Virgin Group founder and billionaire Richard Branson says Formula E is on its way to become motorsport's premiere racing series in the next decade, supplanting F1 in the process.
While Branson's endeavour into Formula 1 back in 2010 and 2011 with minnow outfit Marussia was predictably unsuccessful, the DS Virgin Racing outfit is a front-runner in Formula E.
The 67-year-old famous business tycoon is a huge believer in the all-electric series as it's philosophy ties in perfectly with the crucial advent of renewable energies.
"Formula E has done a lot to raise awareness of things like climate change," Branson told China's The Post.

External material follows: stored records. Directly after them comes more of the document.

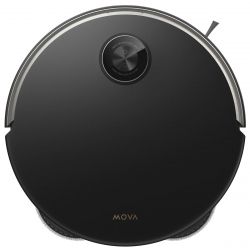 Робот-пылесос Mova V50 Ultra Complete Black (RLV72LE-1-bl) - Картинка 3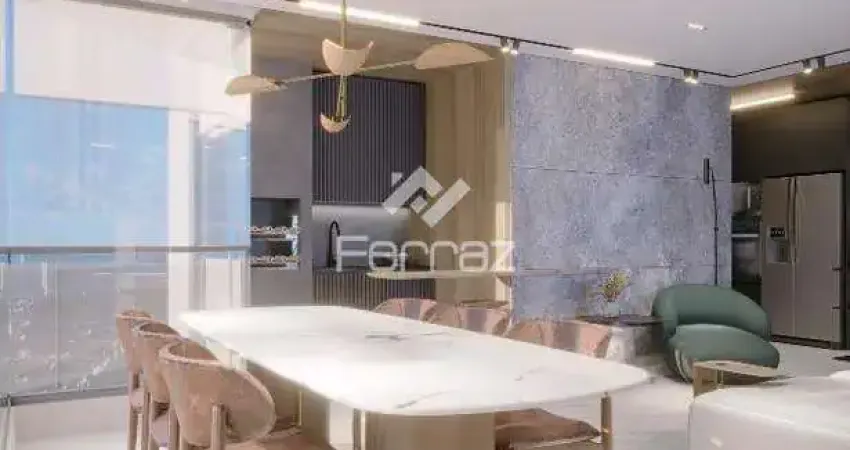Apartamento à venda, 3 quartos, 1 suíte, 2 vagas, Santa Maria - Uberlândia/MG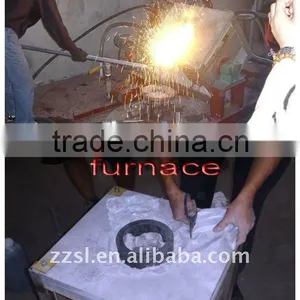Medium Frequency Small Smelting Furnace thumbnail-1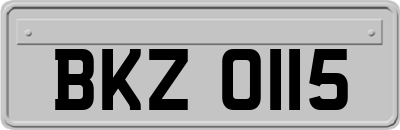 BKZ0115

"We’re in a position to inspire people from both race fans to governments to play their part in tackling things like climate change.

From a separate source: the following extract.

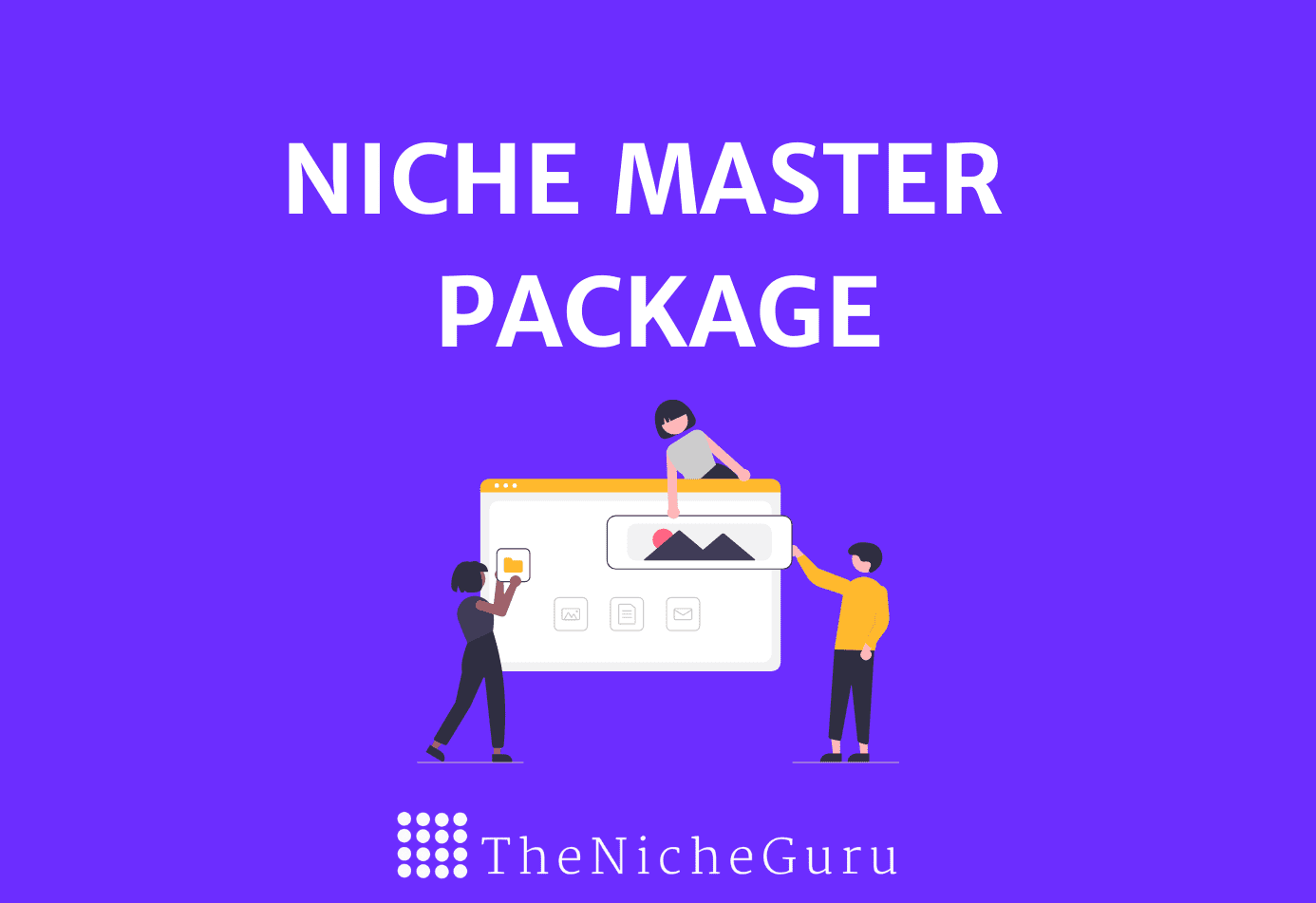NICHE MASTER PACKAGE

"The team really wants to use it to accelerate initiatives that help the world achieve the goals of Paris Climate Accord.
" It’s just a fantastic platform to shine a light of advancing technologies in electronic vehicles. And also to show the world electric cars aren’t slow and boring, but they’re cool and fun. And sustainable."
The burgeoning series is still in its early years and continues to battle for exposure in cities where its presence has been called into question because of the high costs associated with Formula E's logistics.
Montreal recently pulled the plug on its double-header season finale scheduled for next summer, with the city's mayor unimpressed by the financial burden left behind by Formula E in 2017.
Branson admits a rocky road lies ahead, but ultimately Formula E will prevail if governments provide the series with the support it deserves.
"It’s been incredibly exciting. It’s growing very rapidly, every season they’re bringing in new initiatives," he says.
"I’m willing to forecast that 10 years from now, if Formula One continue in their current way, I think Formula E will overtake it.
"And so it should, because the world should be powered by clean cars. We’ve all got to wean ourselves off dirty cars, and Formula E can lead the way in that.
"It’s really important for governments to back it," he adds.
"You’re gonna have wins, you’re gonna have losses. But the more cities that realise the importance of Formula E, the better."